**Task goal**
In the listing below, find the line containing "1872/95 (ca.), rd." and the line containing "1 bedroom in". Repeat exactly those two lines and every line between them, nothing more.

**Material supplied**
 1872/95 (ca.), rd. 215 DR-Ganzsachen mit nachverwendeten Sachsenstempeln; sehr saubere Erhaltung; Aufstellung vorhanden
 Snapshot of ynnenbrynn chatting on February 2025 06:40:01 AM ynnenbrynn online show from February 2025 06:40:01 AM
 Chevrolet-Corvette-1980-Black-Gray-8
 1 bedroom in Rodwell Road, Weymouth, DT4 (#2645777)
* * *
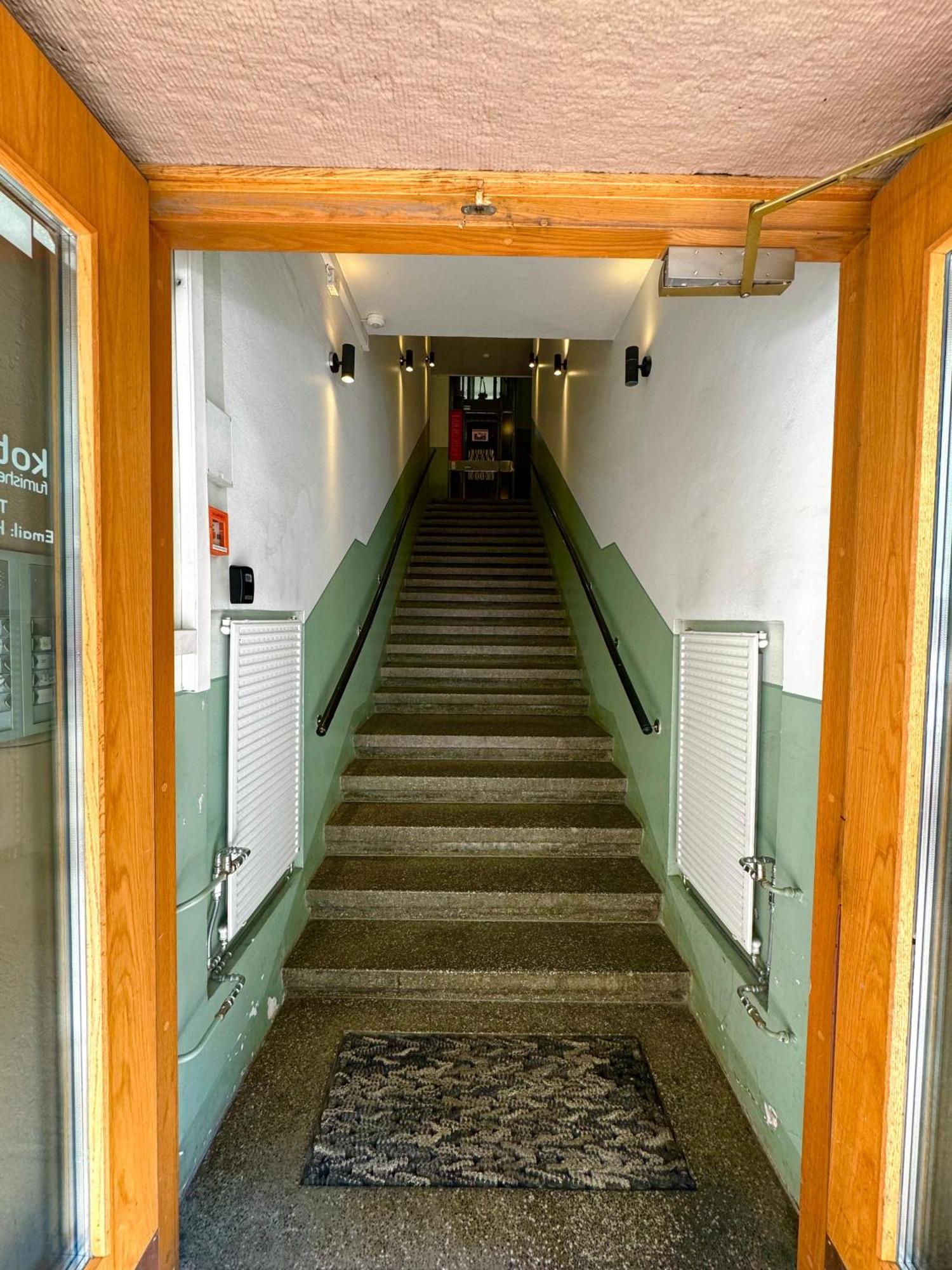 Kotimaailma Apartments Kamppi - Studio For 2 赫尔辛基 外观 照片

**Answer below**
 1872/95 (ca.), rd. 215 DR-Ganzsachen mit nachverwendeten Sachsenstempeln; sehr saubere Erhaltung; Aufstellung vorhanden
 Snapshot of ynnenbrynn chatting on February 2025 06:40:01 AM ynnenbrynn online show from February 2025 06:40:01 AM
 Chevrolet-Corvette-1980-Black-Gray-8
 1 bedroom in Rodwell Road, Weymouth, DT4 (#2645777)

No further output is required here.